The Roman Missal's official edition is in Latin, and it is this official edition that is translated into all the languages of the world. This official edition was revised by the authority of Blessed Pope John Paul II in 2002. This revision was not to change the Mass, obviously. The Mass remains the same. The revision of Pope John Paul II was made in order to include some new material, such as feasts of newly canonized Saints, some new Prefaces for the Eucharistic Prayer, and clarifications in the way we celebrate the Holy Eucharist. This change to the official edition necessitated the preparation of a revised version in the various languages of the world, including, of course, English.

As a result of the new English translation, you will notice a few changes to the prayers, acclamations and responses. Most of the changes in wording occur in the prayers offered by the priest. With time and patience, all of these prayers will become as familiar to us as those we have been using over the last few decades.

Also to be implemented are some changes to posture. At the beginning of the Missal is a section called The General Instruction on the Roman Missal (GIRM). It stipulates the norms to be followed for the correct celebration of Mass, including directives pertaining to posture. These directives have as their intention to assure consistent practice and conformity with the universal law of the Church. This is very important. The oneness of our faith is to be apparent in the unity of our gestures and posture at the Sacred Liturgy.

This moment of change is a wonderful occasion for a renewed appreciation of the mystery of the Most Holy Eucharist. For a while we shall naturally be focusing upon what to say, not to say, when to kneel, stand, sit and so on, but let us not forget the sublime mystery that underlines it all. In the celebration of Holy Mass, the Lord himself is present to us, present with us. In the transformed gifts of bread and wine, the sacred body and blood, soul and divinity of our Lord Jesus Christ becomes truly and really present. In the Mass, we worship God, we give thanks for his countless gifts, especially the gift of salvation, we listen to his Word, we receive from the altar the sacred body and blood of Christ, and we are sent forth to be his agents of love in the world.

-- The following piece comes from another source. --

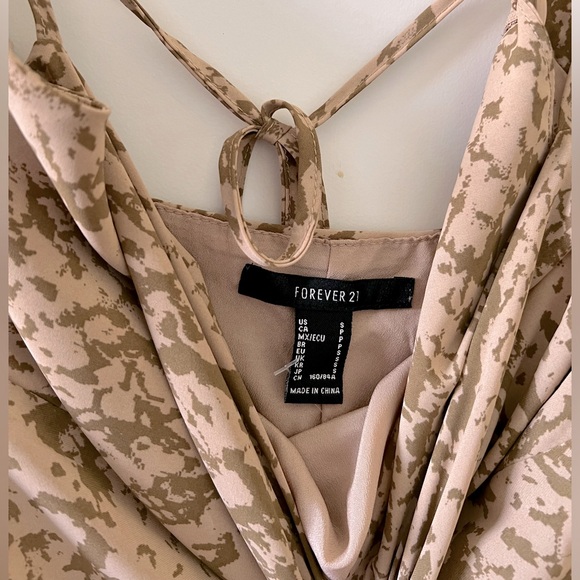 NWOT Forever 21 Ruched Drawstring Midi Dress Size Small - Picture 3 of 6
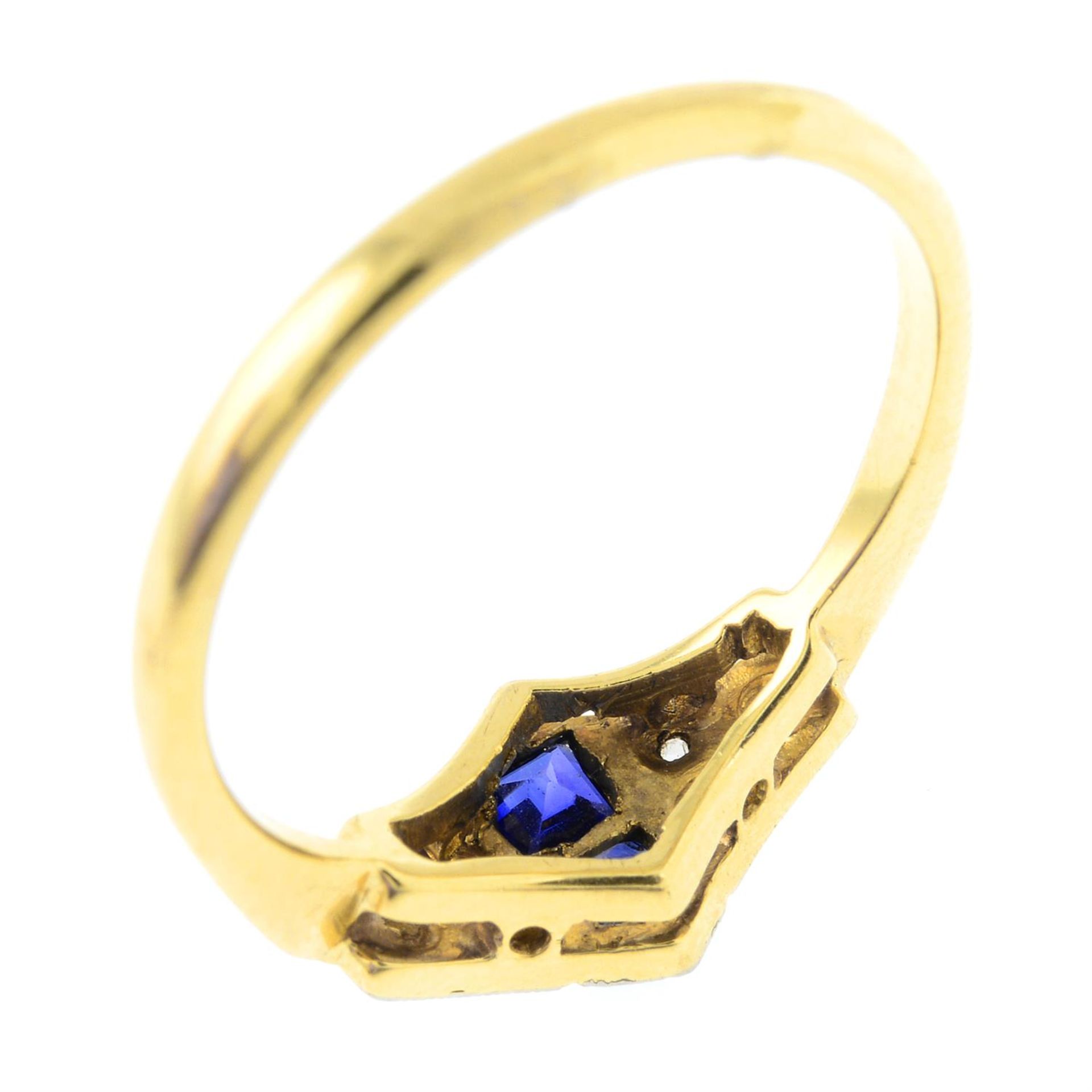 An early 20th century 18ct gold and platinum calibré-cut sapphire and rose-cut diamond cluster ring. - Bild 2 aus 2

The Mass is the central event, the highlight, in the life of every Catholic. In its celebration we encounter our Lord and draw life and strength from his love. For this reason, our liturgical celebrations must be beautiful and dignified. For this reason, we must give careful attention not only to the way we celebrate but also to our interior dispositions as we approach the Mass and enter into its celebration. Have I reviewed the readings for Mass before coming to Church? Have I made an examination of conscience and confessed serious sin? Have I reflected upon the countless blessings that God always pours out upon me and offered thanks?

Perhaps the most important question for us is this: how shall we translate our encounter with the Lord into the way we live our lives? The new Missal is a translation from Latin to English. Yet this is in service of a much deeper and more significant translation that must take place: the translation of the mystery of the Eucharist into daily living. Here we meet the love of God for each of us. Do we translate that into love for others? Here we encounter the mercy of God towards us sinners. Do we translate that into the forgiveness of those who have hurt us? Here we receive the gift of salvation. Do we translate that into lives of hope? In the Gospel for Sunday we heard Jesus tell us to be ready to meet him when he comes again. His return will be at a time we simply do not and cannot know. This means to be ready now. As we enter this holy season of Advent, may the Lord help us ready ourselves by translating the encounter with Christ in the Eucharist into lives of Christian holiness.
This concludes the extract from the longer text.